Clause (2) of s. 403 has no application to a case of this description. The decision of Walsh J. in -- 'Thangappa Nadar v. Neethimanicka Ndar'. 1943 Mad WN 1094 (B) has no bearing as charges under ss. 477-A and 409, Penal Code, were not framed together as in this case. Proceedings under S. 477-A were started at first and the learned Judge held that it did not bar proceedings being taken under S. 409 after conviction under S. 477-A, Penal Code, as the facts constituting the two offences were different and distinct.
(8) The learned Advocate for the petitioner raised several other legal contentions,but it is unnecessary for me to discuss them as the conviction has to be set aside on the first point itself.
(9) In the result, the Criminal Revision Petition is allowed and the conviction and sentence imposed by the Addl.
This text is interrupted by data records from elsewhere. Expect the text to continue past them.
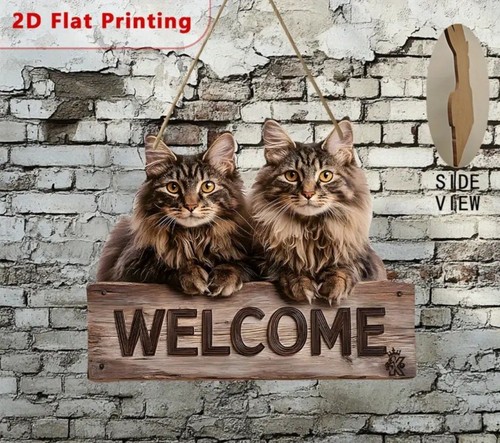 Beautiful maine coon - coon, cat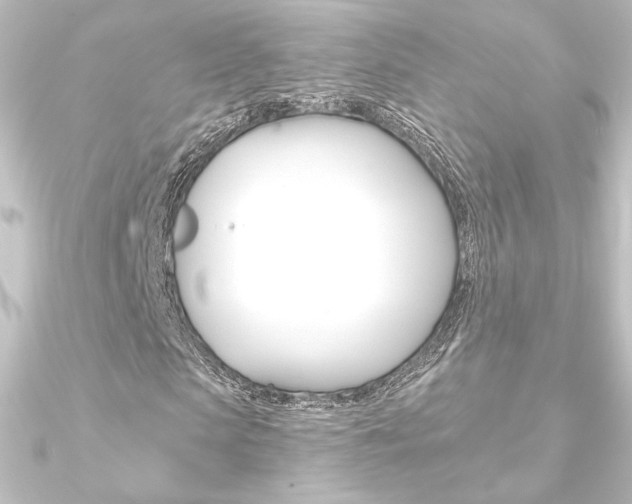 X0000090950913200708021058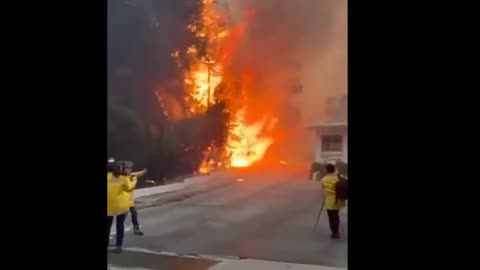 Fires sweep through Los Angeles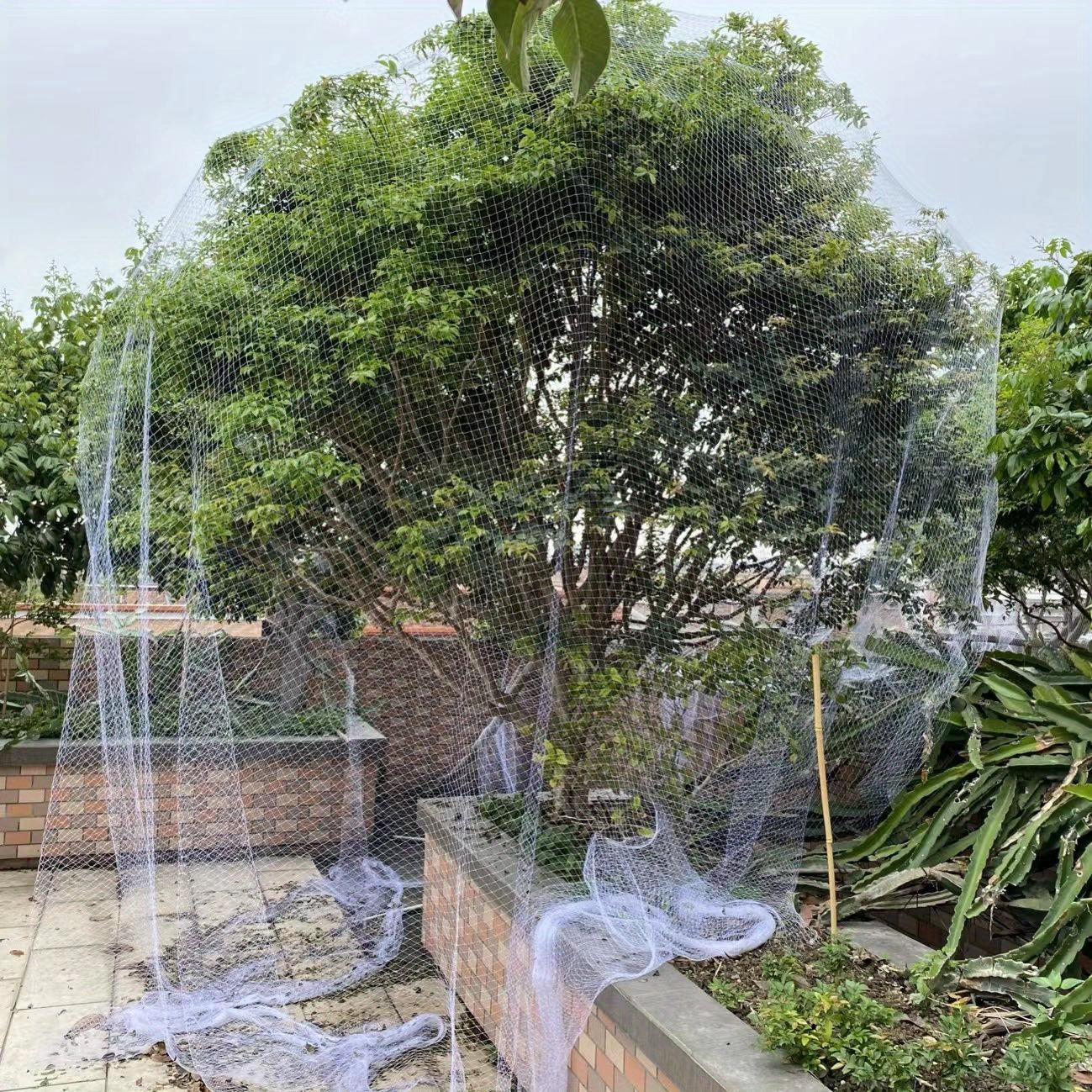 

White Transparent Bird Netting For Garden Protection, Vegetable Plants & Fruit Trees, Pp Garden Netting For Potted Plants, Cherry Strawberry Bird Protection, Garden Cover Netting For Lawn &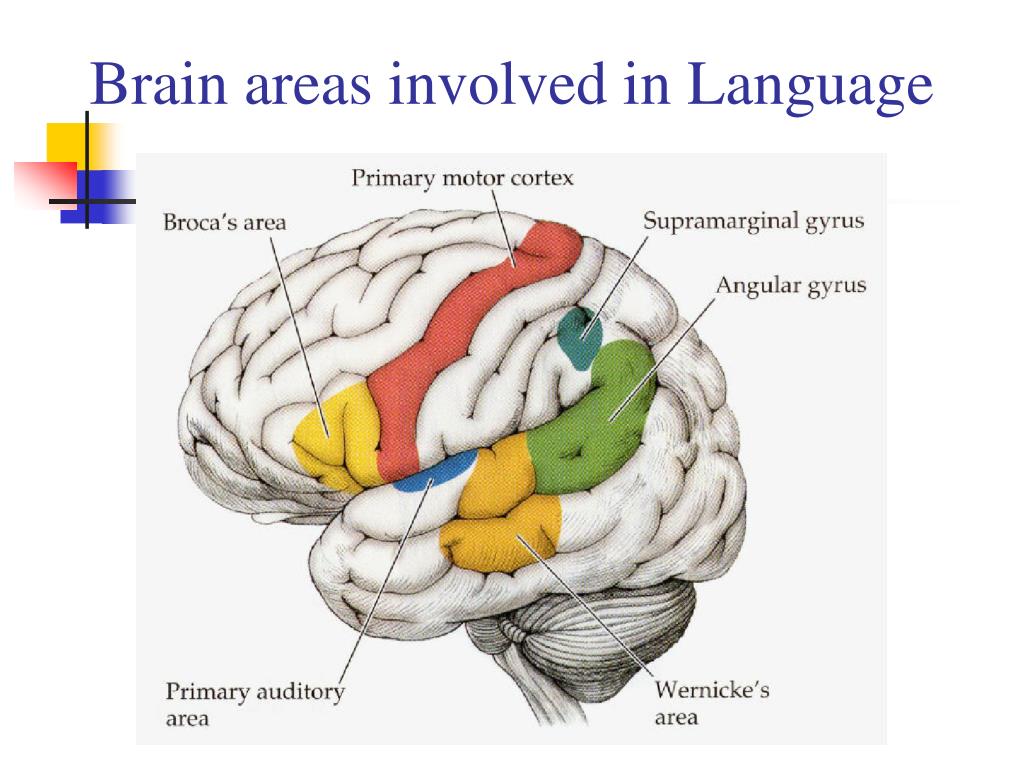 Brain languages. Brain and language. Brain areas. Language areas in the Brain. Brain Broca area.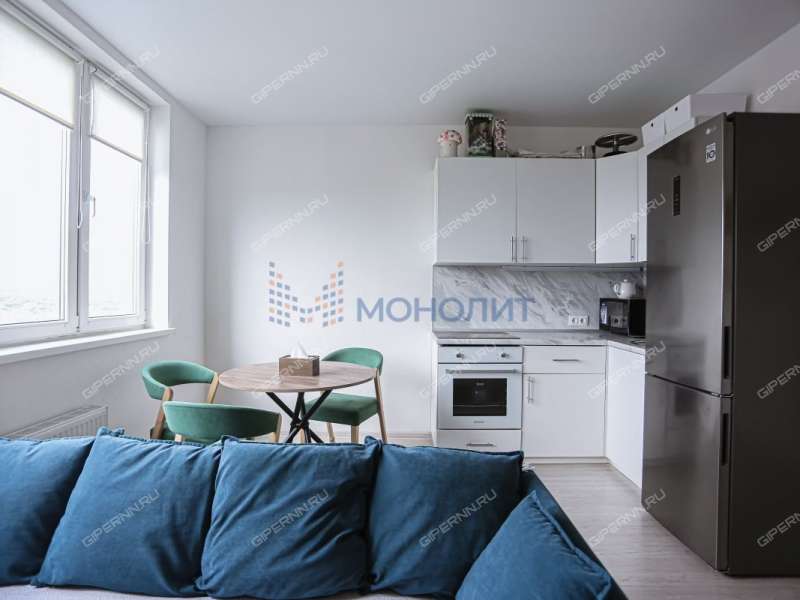 однокомнатная квартира на Черкесской улице дом 2 деревня Анкудиновка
Ist Class Magistrate, Narasaraopet, and confirmed on appeal by the Sessions Judge, Guntur, are set aside.
(10) Before concluding the judgment, I only wish to point out that it is regrettable that both the Courts below erred in not referring to and following the direct decision of Govinda Menon J., referred to 'supra', even though I understand from the learned Advocate for the petitioner who appeared in the Courts below that this decision was cited before them. It may be, as pointed out by me in -- 'Venkayya v. Seshayya', AIr 1954 Andhra 29 (C) and the unreported decision in -- 'Subba Reddi v. Govinda Reddi', Second Appeal, No. 574 of 1950, d/- 10-9-1954 (Andhra) (D) that this High Court which was inaugurated in July 1954, is not bound to blindly follow all the decisions of the Madras High Court and is entitled to examine the soundness or the correctness of those decisions in proper and appropriate cases.
(11) I also pointed out therein that those decision are entitled to the greatest respect and weight. But those observations ought not to be understood as implying that the Subordinate Courts in the State are entitled to ignore the direct decisions of the Madras High Court or to capriciously prefer the decisions of the other High Courts to the decisions of the Madras High Court. the Subordinate Courts in the State are primarily bound to follow the decisions of this Court. If there are no decisions of this Court directly governing the case, they ought to follow the decisions of the Madras High Coiurt as they have been previously doing in preference to the decisions of other High Courts. It is only when there are no decisions of this Court or the Madras High Court dealing with the point, they are free to follow the decision or other High Courts. The petitioner is set as liberty and bail bonds cancelled. Revision allowed.